[The data — start]
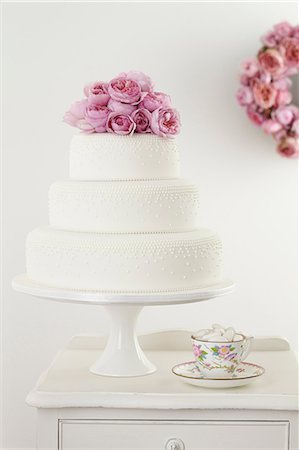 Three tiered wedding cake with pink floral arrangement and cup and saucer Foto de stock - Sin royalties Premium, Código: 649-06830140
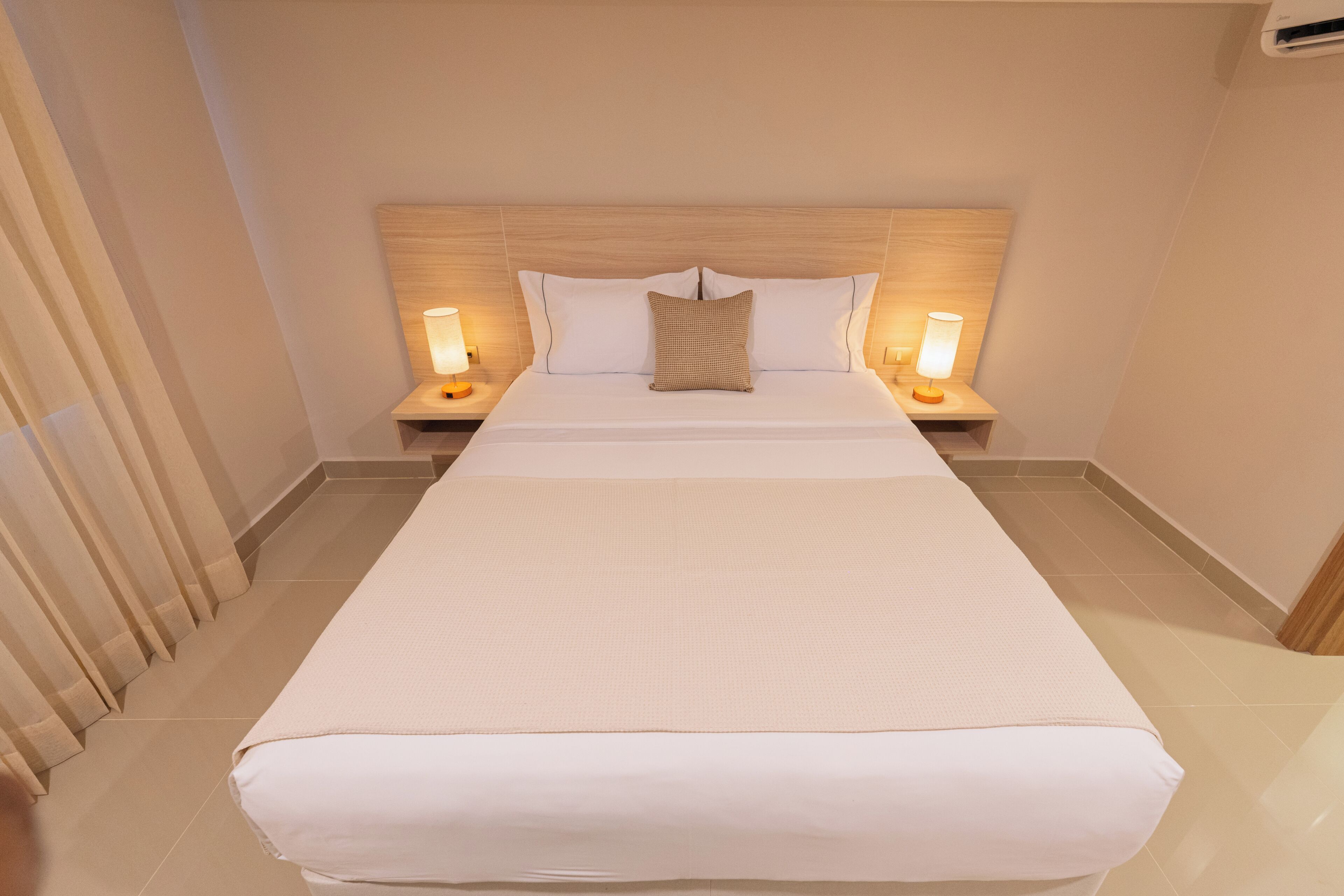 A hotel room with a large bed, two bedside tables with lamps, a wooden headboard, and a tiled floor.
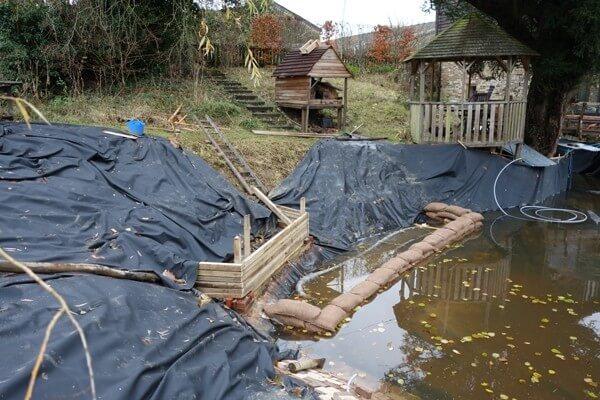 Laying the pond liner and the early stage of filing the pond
[The data — finish]
After locating the line with "A hotel room" in the listing above, transcribe it and every line after it to the last, exactly, with no pictures.

 A hotel room with a large bed, two bedside tables with lamps, a wooden headboard, and a tiled floor.
 Laying the pond liner and the early stage of filing the pond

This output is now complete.